The aim of the present study was to produce a new composite material based on carbon and iron oxide, with application for arsenic removal. As precursors used for the preparation of the desired composite material, soluble starch and pure iron chloride were used. Synthesis of the composite material was also a two stage process; stage one, consisting of the production of the reaction mass, using by a mixture of raw materials used as precursors (starch and iron chloride), followed by the thermal decomposition in a nitrogen atmosphere (second stage). Employing such a synthesis route, the production of iron oxide particles is then possible without adding any precipitation agents. After production, the new composite material was characterized and tested as an adsorbent for arsenic removal from aqueous solutions.

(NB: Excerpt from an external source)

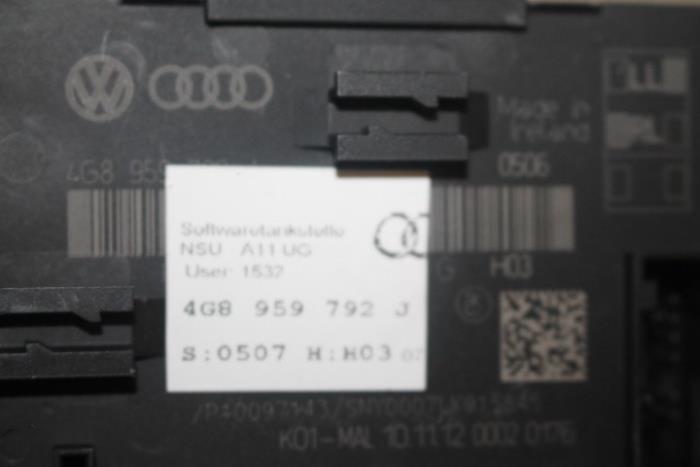 Centrale Deurvergrendelings Module van een Audi RS7 Sportback (4GA/4GF)  2014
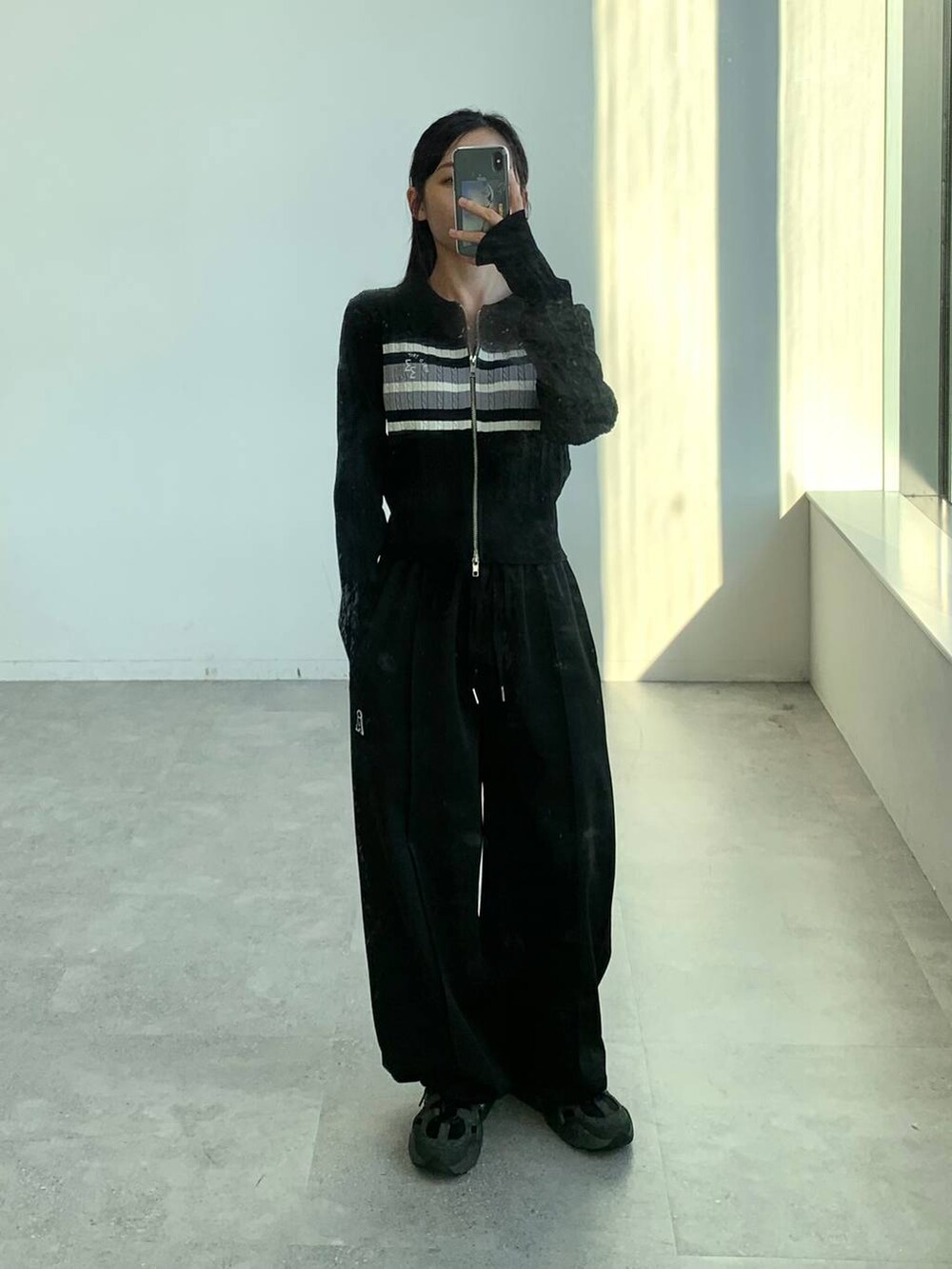 ブラック系のカーディガン/ボレロ、ブラック系のその他パンツを着用したレディースの秋コーディネートの2枚目の写真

2. Results and Discussions

2.1. Synthesis of the Composite Material Based on Carbon and Fe3O4 Particles

Composite material was synthesized as described in Section 3. The obtained experimental data confirm that it is possible to obtain smaller iron oxide particles (nano-sized) when the reaction mass is stirred for a relatively long time. Also, it was confirmed that the starch could be kept in the reaction mass in the form of paste only if the temperature was maintained at less than 60 °C.
Production of the desired composite material using starch and iron chloride as precursors can be understood if we consider that by dissolution of anhydrous iron chloride in water a hydrolysis process takes place.
By simple mixing of starch with water a starch dough is produced without any changes in the starch structure. By dissolving anhydrous iron chloride in water, iron (III) cations and chloride anions are produced, with a concomitant decrease of the solution pH.
FeCl3 → Fe3+(aq) + 3Cl(aq)
Hydrolysis behavior of iron (III) cations in diluted solutions at low pH values leads to the formation of iron oxy-hydroxides and iron hydroxides according to the mechanism below [27,33]:
Fe[(H2O)6]3+ + H2O → Fe[(H2O)5OH]2+ + H3O+
Fe[(H2O)5OH]2+ + H2O → Fe[(H2O)4(OH)2]+ + H3O+
Fe[(H2O)4(OH)2]+ + H2O → Fe[(H2O)3(OH)3] + H3O+
Fe[(H2O)6]3+ + 3H2O → Fe[(H2O)3(OH)3] + 3H3O+
As a consequence of hydrochloric acid production, acidic starch hydrolysis occurs according to the following reaction:
( C 6 H 10 O 5 ) n + n H 2 O acid   hydrolysis n C 6 H 12 O 6
Glucose molecules produced during starch acidic hydrolysis replace water molecules from the structure of iron aqua complexes, forming new complexes with glucose. Formation of such complexes prevents further condensation reaction between the aqua complex particles stabilizing it and therefore limiting their size (Equation (7)) [21,22].
Fe[(H2O)3OH)3] + C6H12O6 → Fe[C6H12O6 (OH)3] + 3H2O
Iron hydroxy-aqua complexes formed during the hydrolysis of iron chloride can participate in the next step in a condensation reaction, giving as a result Fe–O–Fe bond formation during thermal treatment of the reaction mass [27].
Based on experimental data obtained during preliminary attempts [34], the optimum conditions were established for synthesis of the desired composite material at different temperatures. So, when the synthesis was conducted at 45 °C, the reaction mass had to be stirred for 240 min (S2), at 55 °C the reaction mass had to be stirred for 45 min (S1), and at 58 °C the reaction mass had to be be stirred for 20 min (S3). The produced paste was dried for 24 h at 50 °C, ground, and then subject to a thermal decomposition process in a controlled atmosphere (nitrogen atmosphere) at 600 °C for 6 h.
The conditions used for the synthesis of the produced composite materials are presented in Table 1.
After the synthesis the material was characterized by physical–chemical methods using FTIR, XRD, and SEM in order to establish the optimum condition for the compound production and in order to characterize the structure of the obtained adsorbent material.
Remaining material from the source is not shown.